Afterward many folks went to a local restaurant where a room had been reserved for the riders to gather and share stories of the day with each other. I got to my truck and looked at the time. HooBoy! I had to hoof it back home to make family pizza night, so I skipped out and drove home. We spent more time out there than I thought!

The Vaya post-ride
A Word On The Bike:

This was a big test for the new-to-me Vaya. A metric century in windy, very dusty, and loose conditions. Here are my bullet points on the thoughts on this bike after the event...

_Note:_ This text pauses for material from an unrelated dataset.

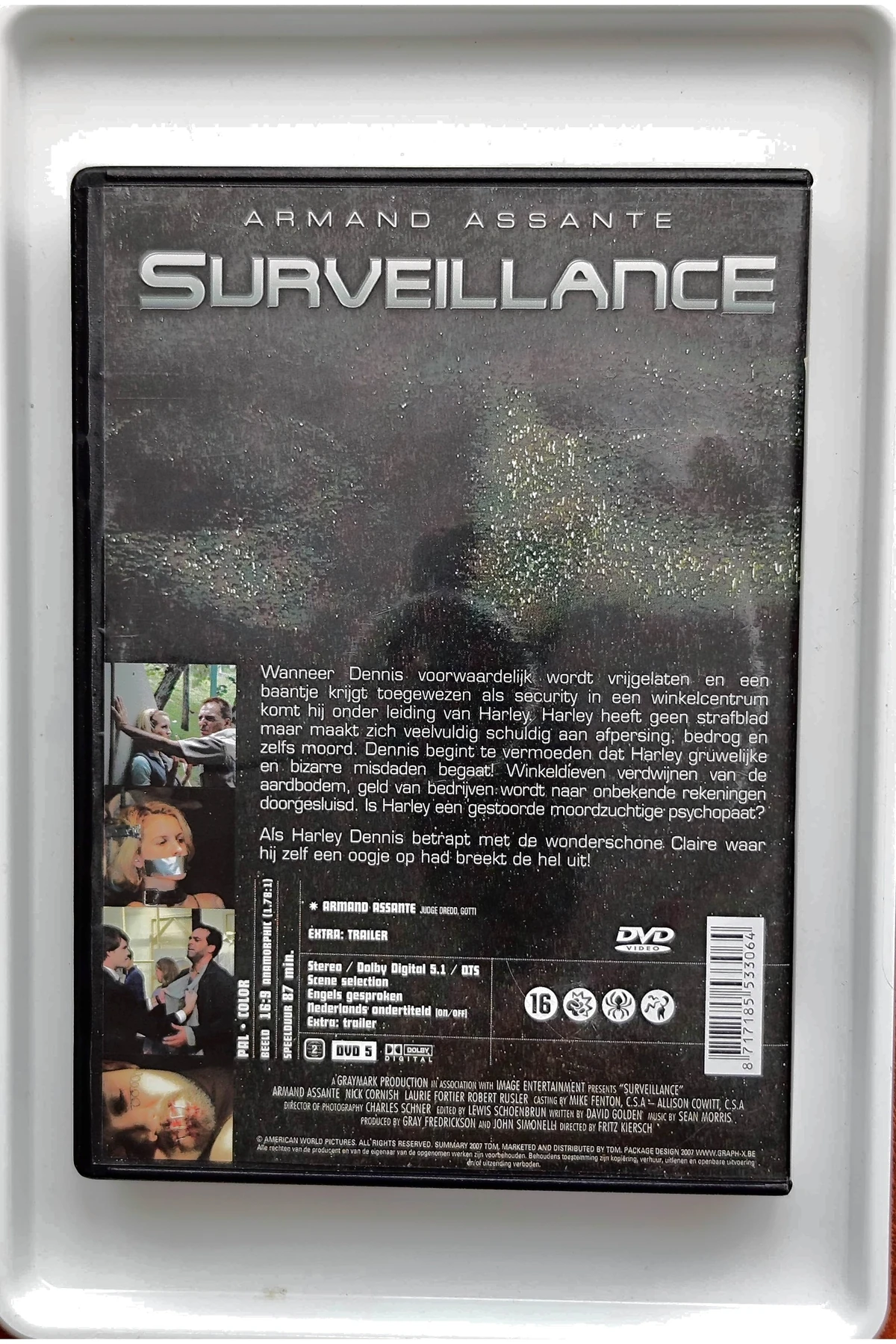 Surveillance - Achterkant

  • Comfortable. That's one thing that came up during the ride, and it was Steve who mentioned it. He said it looked as though I was really comfortable on the bike. I guess I hadn't given that a thought, and so it must be that I am comfortable with this set up.
  • Not So Comfortable. That's in reference to the saddle, which didn't quite agree with me after a few hours. There will be a swap here and that should solve that issue. 
  • Comfortably Stable. The tires in this case. They were smooth at about 50psi front/55psi rear. They went through the deeper stuff with no washing out or slipping. 
  • Not So Stable. The deep section Edge wheels in a cross wind. I was reminded of a ride a few years ago when I had these wheels on a Dos Niner and a similar situation arose. It was sketch-o-rama on some steep, fast hills. Saturday reminded me of why I am a bit less stoked on deeper section rims on gravel with wind. 
  • The Bike Itself: The Vaya is comfortable, mostly stable, (the head angle seems a bit on the steep side to me), and stiff where it needs to be. I like it.
  • The Brakes: Wow! Touchy suns-a-guns. Very powerful, and way more than what this bike needs. Of course, I do have a 180mm rotor up front. There will be new 160 fr/r rotors fitted sometime up the road. 
And that's a wrap on the Gent's Race for 2013. Many thanks again to everyone involved in volunteering and organizing this event. There were 36 five man/women teams this year! Thanks to my team mates: Sam, Steve, David, and Bob. You guys made the event a blast for me. I am honored to have ridden with you again.